Teyana Taylor nominated for One Battle After Another. Ryan Coogler's Sinners positioned for a night where Oscar history was possible. The presenter list ran from Adrien Brody and Javier Bardem to Pedro Pascal, Demi Moore, Paul Mescal, and Chase Infiniti, not a random assembly but a deliberate argument about who the industry is currently elevating and what it wants to be seen valuing.
After the ceremony, the city sorted into tiers, and the tiers are not about prestige. They are about access architecture.
→ Governors Ball — Ray Dolby Ballroom. The official Academy room. Wolfgang Puck's food. The photograph with the statue. This is the room where the win becomes a credential.
→ Vanity Fair Oscar Party — LACMA. The magazine moved its party out of the traditional West Hollywood footprint and into Los Angeles's most significant art institution. That relocation is a deliberate reframe: Vanity Fair threading cultural legitimacy through capital, placing the industry's most visible after-party inside a building that argues for the permanence and seriousness of what the ceremony is supposed to celebrate. The address changed. The function didn't. It remains the room where being seen carries the highest multiplier.
→ Netflix — Sunset Towers. The streamer hosting its own post-ceremony room is not a flex. It is a structural necessity. When you are financing, producing, and distributing a significant fraction of the films that were nominated, you do not attend someone else's party. You host. The guest list is the balance sheet made social.
→ Elton John AIDS Foundation Viewing Party — West Hollywood Park, 34th annual. Patricia Arquette, Dua Lipa, Keke Palmer, Sophia Bush, Sharon Stone, Donatella Versace, Tiffany Haddish, performance by Lola Young. Thirty-four years is not a party. It is an institution. The philanthropy circuit running parallel to the industry circuit is not separate from the power structure — it is how the industry manages its public identity and sustains the relationships that its purely commercial rooms cannot accommodate.
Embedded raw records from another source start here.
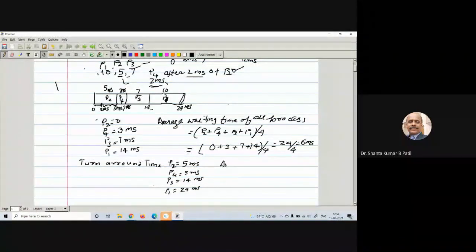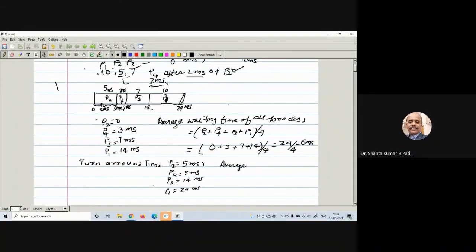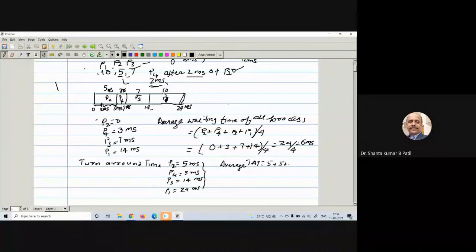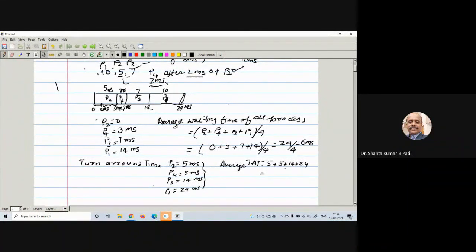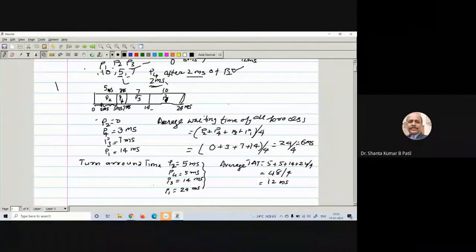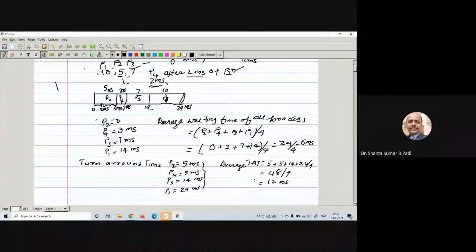The average turnaround time equals the sum of all turnaround times divided by 4 processes: (5 + 5 + 14 + 24) / 4 = 48 / 4 = 12 milliseconds. So the average turnaround time for all processes is 12 milliseconds. This is how we calculate the average waiting time and turnaround time for all processes in the case of Shortest Job First scheduling.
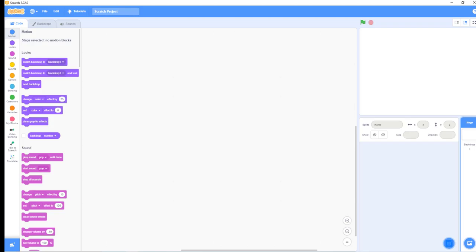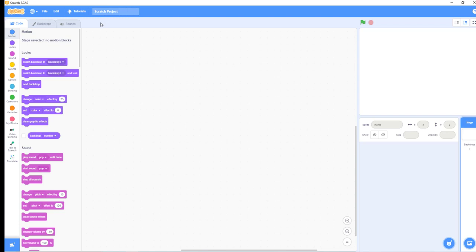Hello guys, today I'm going to show you how to import and export projects from Scratch. To import projects, go to the File tab and left click on it.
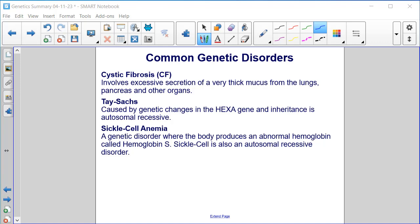Cystic fibrosis involves excessive secretion of a very thick mucus from the lungs, pancreas, and other organs. Tay-Sachs is caused by genetic changes in the HEXA gene, and inheritance is autosomal recessive. Sickle cell anemia is a genetic disorder where the body produces an abnormal type of hemoglobin called hemoglobin S, and is also autosomal recessive — meaning you have to get the recessive allele from both parents in order to express the genetic disorder.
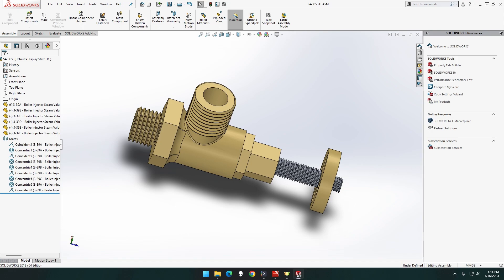Welcome, welcome to GTex designs. I'm GTex. This episode we will be doing assembly of the SA305, the boiler injector steam valve for the Clayton untyped steam wagon. Let's get assembling.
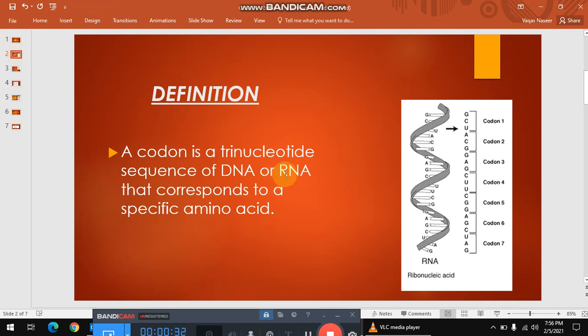You can see this strand — this is the RNA strand. There are three nucleotides. These nucleotides basically form a specific codon, and this specific codon determines the specific amino acid.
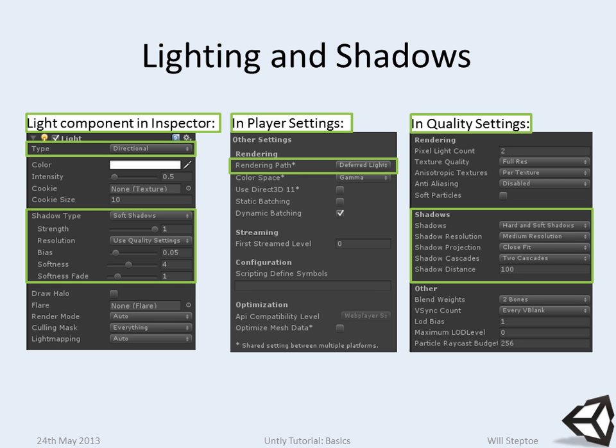So lighting and shadows. We've already shown how to do a little bit of lighting.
→ Jay-Z and Beyoncé's Gold Party — Chateau Marmont. No advance press. No announced guest list. Invite-only. The late room where visibility converts into mythology, and where the only credential that matters is the relationship that got you the call.
→ Madonna and Guy Oseary's The Party — 18th annual. Private. Complimentary chauffeured rides home. Eighteen years makes this the industry's most durable after-hours institution — which means its guest list is the most stable proxy for who has maintained relevance across nearly two decades of industry transformation. That stability is its own data point.
THE AXIS VIEW
The question to ask about Oscar weekend is never who won. The wins are announced on television. The question is who owned the rooms around the ceremony, and what those rooms reveal about where power is consolidating.
MACRO's room in Koreatown, with 700 people and the Sinners team at its center, is the most clarifying data point of the entire week. Charles King did not build MACRO to gain access to Oscar weekend. He built it so that Oscar weekend would come to him, so that the industry's annual sorting mechanism would have to reckon with the infrastructure he constructed on his own terms.
That is the structural shift this awards cycle has been documenting. Talent is no longer moving through the industry's existing rooms hoping to be recognized. The most sophisticated operators are building their own rooms and making the industry's rooms compete for their presence.
The Gold Party does not have a press release. The MACRO party has fifteen nominations and three wins. One is mythology. The other is capital. Both are necessary. Neither is an accident.
Move like a publisher, not a fan. Track who is hosting, who is underwriting, who is cross-pollinating film with fashion, tech, philanthropy, and capital. The deal that gets made next month was planted in those rooms this weekend.